Opinion
June Term, 1823.
In debt on bond for a sum less than $100 since the act of 1820 advantage can be taken of the want of jurisdiction by plea in abatement only.
DEBT on three several bonds amounting to $394.50, tried before Daniel, J., at SURRY. The plaintiff on the trial produced (1) a bond for $253.50; (2) a bond for $70, and (3) a bond for $71, all executed by the defendant and payable to himself. The defense was payment. The jury found that, after allowing the several payments made by the defendant, there was a balance due the plaintiff for principal $73.10, and they assessed his damage by way of interest to $5.34.
Upon the rendition and before recording the judgment, the defendant moved to nonsuit the plaintiff. The motion was overruled and judgment was entered, whereupon defendant appealed.
On motion for a nonsuit the plaintiff filed an affidavit which made part of the case, stating that he verily believed the balance justly (370) due him from the defendant was more than $100.

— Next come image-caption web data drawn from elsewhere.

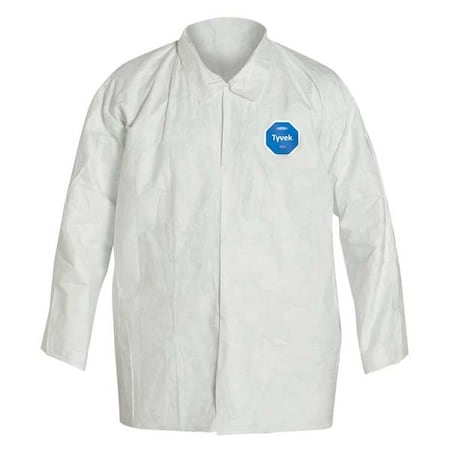 Disposable Shirt, M, Tyvek(R) 400, Snap, Open Cuff, Serged Seam, 50 PK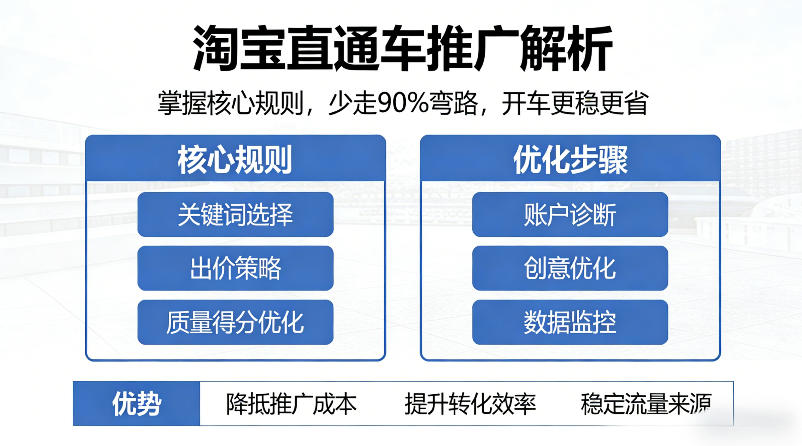 淘宝直通车推广解析，掌握核心规则，少走90%弯路，开车更稳更省|网坠金库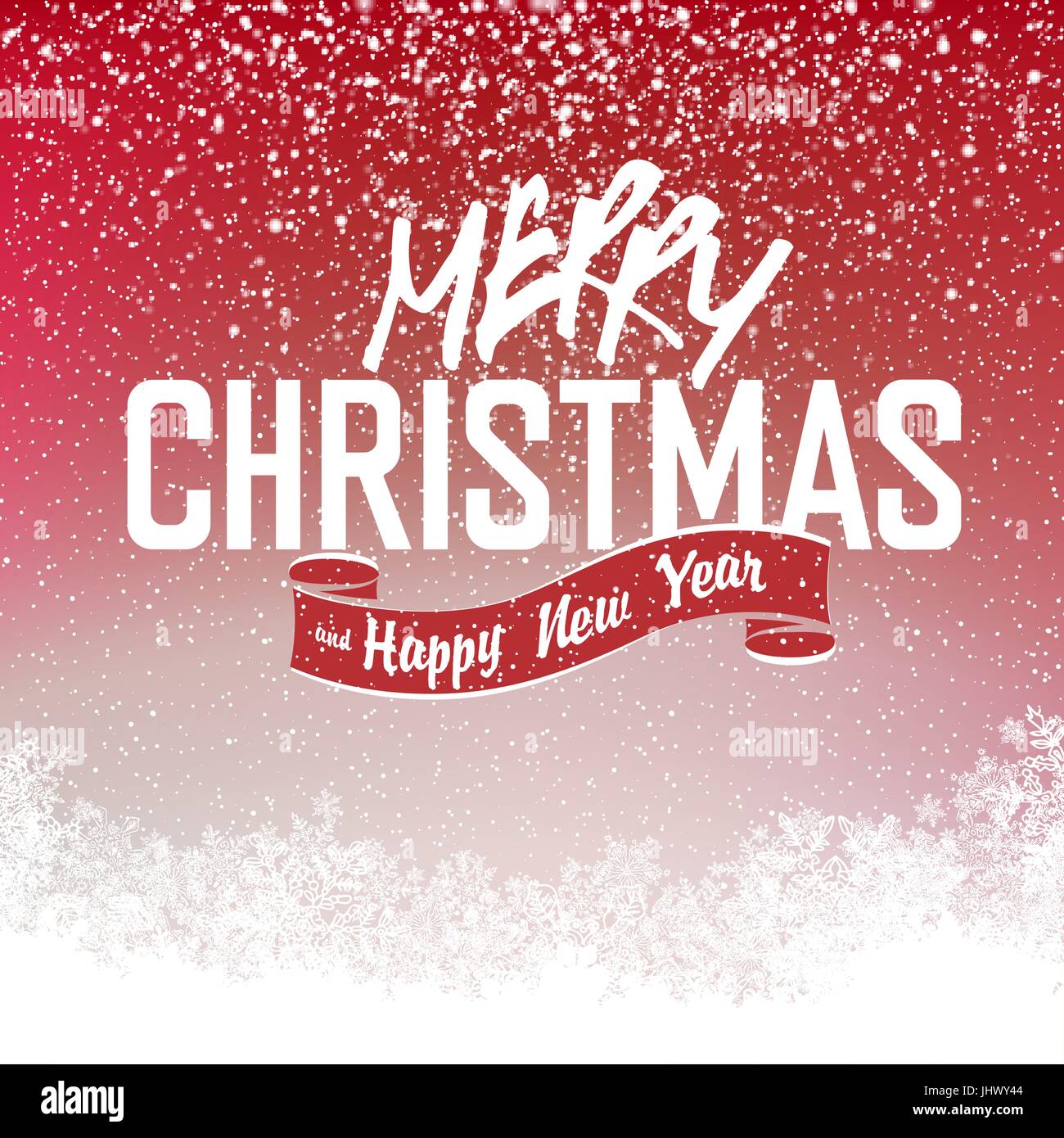 Frohe Weihnachten rot Hintergrund mit Schneeflocken und Platz für Text. Vektor-Illustration. Stock Vektor
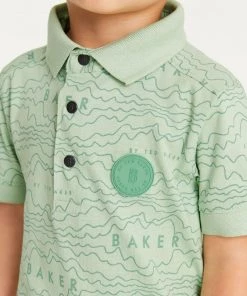 Baker By Ted Baker Green Printed Polo Shirt -Baker by Ted Baker shop unnamed file 640 scaled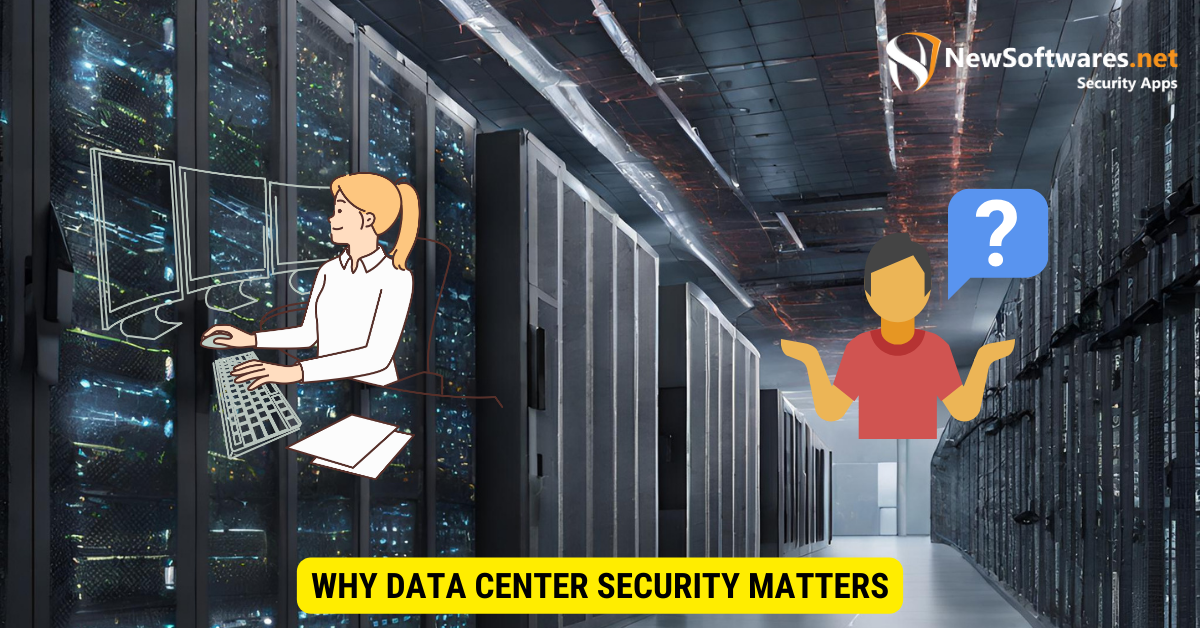 An illustration of a state-of-the-art data center facility with emphasis on security infrastructure, highlighting the significance of data center security.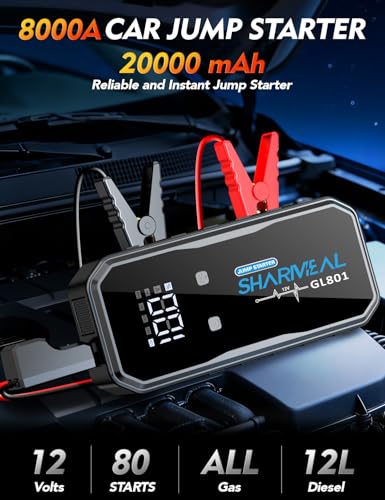 Image of Sharmeal Jump Starter 8000A Battery Jumper Starter Portable 12000mAh Power Bank Pack for Up to All Gas & 12.0L Diesel Engines, 12V Portable Jump Box with 3 Modes Flashlight and Jumper Cab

The parties have treated this case as if the cause of action had happened before the act of 1820, ch. 1045. By that act it is declared that all suits hereafter commenced in the Superior or county courts in this State on any bond, promissory note, or liquidated account for a less sum than $100, shall be abated upon the plea of the defendant. By this act the courts have not the power of nonsuiting in such cases, nor is it necessary for the plaintiff to file an affidavit as he has done. This was the mode pointed out by former acts of Assembly. By this act the suit can be abated only upon the plea of the defendant; of course the judgment of the Superior Court must be
PER CURIAM. Affirmed.
Cited: Clark v. Cameron, 26 N.C. 162.